> [Input for this task]
==========

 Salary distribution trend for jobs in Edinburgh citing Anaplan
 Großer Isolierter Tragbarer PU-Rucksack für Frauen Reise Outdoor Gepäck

==========

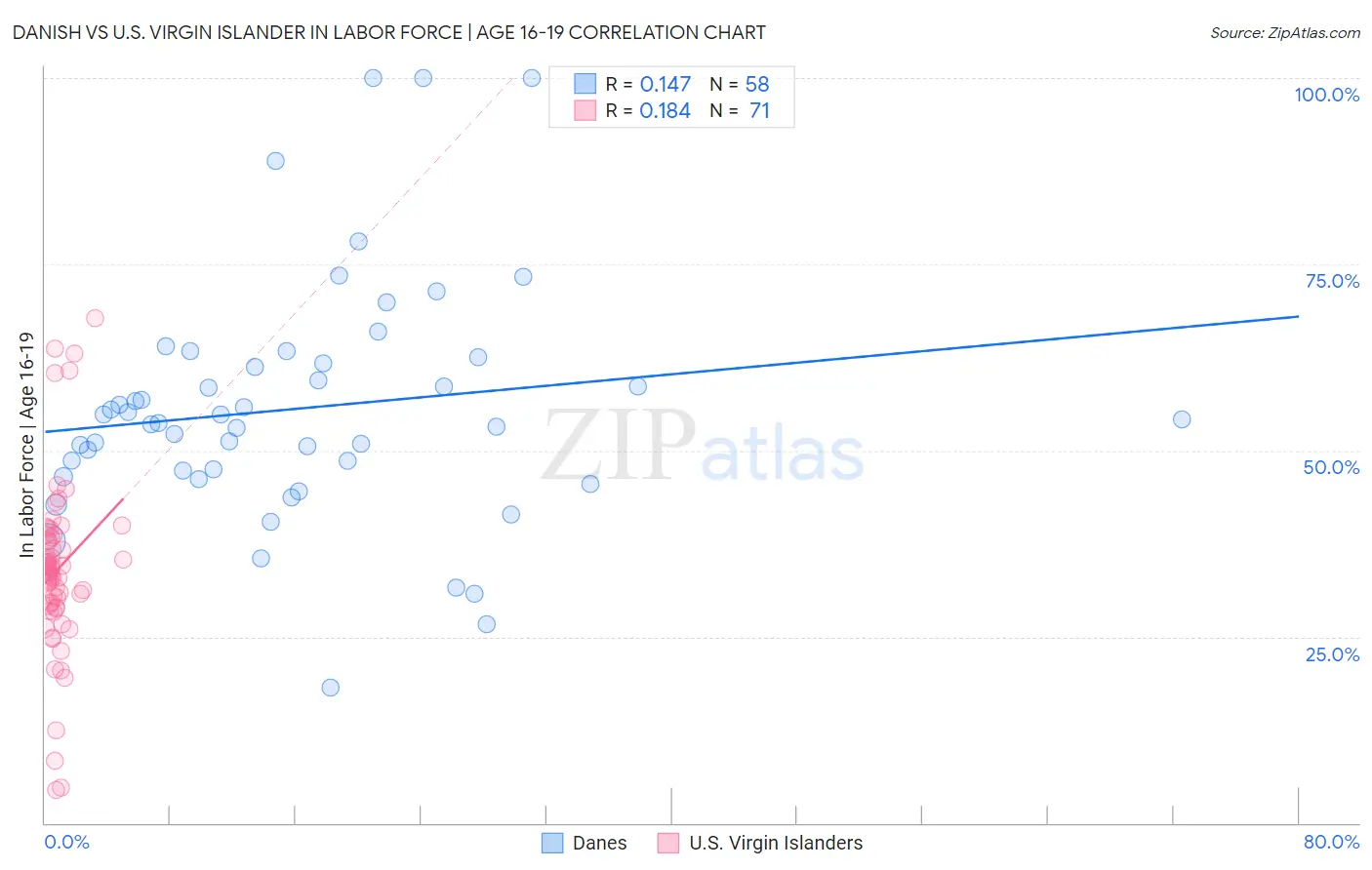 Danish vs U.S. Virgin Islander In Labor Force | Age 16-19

==========

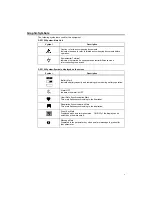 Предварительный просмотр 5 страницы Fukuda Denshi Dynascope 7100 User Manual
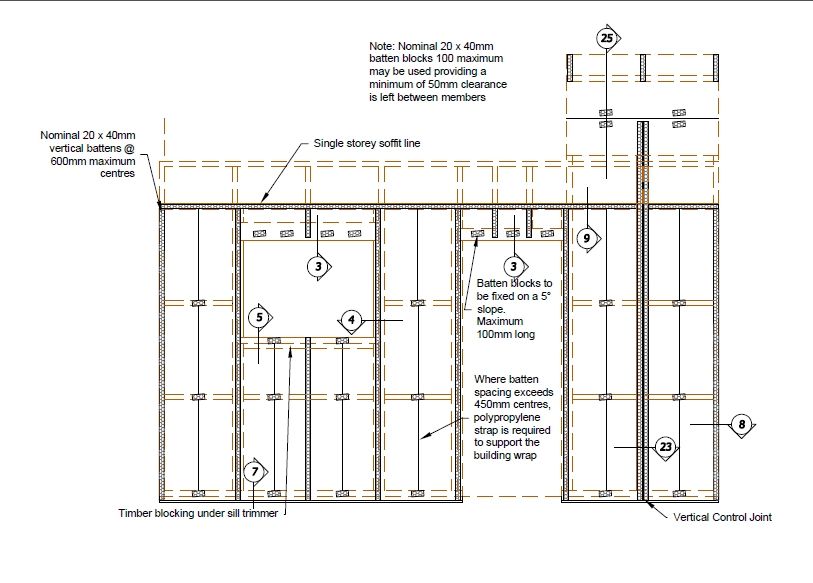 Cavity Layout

==========

> [Directions for this task]
Could you transcribe the entries above word for word, from the line with "Salary distribution trend" down to the line with "Großer Isolierter Tragbarer", keeping both?

> [Solution below]
 Salary distribution trend for jobs in Edinburgh citing Anaplan
 Großer Isolierter Tragbarer PU-Rucksack für Frauen Reise Outdoor Gepäck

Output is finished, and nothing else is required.